By stretch | Wednesday, December 15, 2010 at 1:57 a.m. UTC

I was fortunate enough to be invited to attend a free online JNCIA training seminar held last week by Juniper. Entitled "Certifiably Simple," the free training is part of Juniper's certification incentive program (which ends December 31st) and includes a free voucher for the JNCIA exam. The course consisted of three 2.5-hour remote sessions, hosted by Ken Mayer. Along with the traditional course material (which is freely available on Juniper's Fast Track site), the session included a number of two-hour lab slots for students to use as they see fit.

JNCIA_training.png

I'm a Junos newbie, so I was pretty excited to be getting some formal Junos training and a chance to play with a Juniper lab. The first two days of the training went well, and Ken covered a great deal of the Junos CLI in a relatively short time. The third day we were not so lucky, as the Adobe Connect service on which the training was hosted took a dive. After an hour of trying to get Adobe to restore service the Juniper folks unfortunately had to cancel the final session. However, they did make available a recording of a sister session which had taken place earlier in the day, which I still need to watch.

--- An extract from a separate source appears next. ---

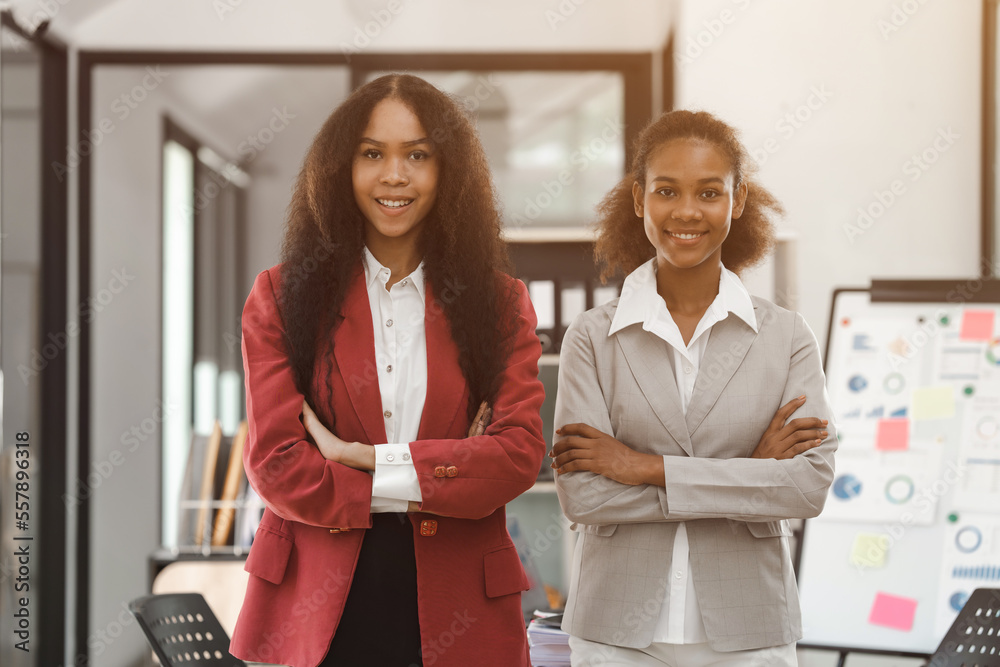 Young diverse african american female coworkers working together on start up project. Business people meeting around a boardroom table discussing creative concept Young diverse african american female coworkers working together on start up project. Business people meeting around a boardroom table discussing creative concept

After attending the instructor-led sessions, I turned my attention to the labs. Four formal labs were offered, including initial CLI configurations, operational monitoring, OSPF and static routing, and firewall filters and class (quality?) of service. We were also encouraged to expand beyond the scope of the official labs (without breaking anything) if we felt comfortable.

JNCIA_lab.png

Junos is pretty nice. Its CLI is certainly more feature-packed than Cisco's IOS, but does take some getting used to. Junos is built on top of a customized FreeBSD base, which makes available to the administrator some very powerful tools. The software service modularity and single-image approach also lends a nice sense of modernity.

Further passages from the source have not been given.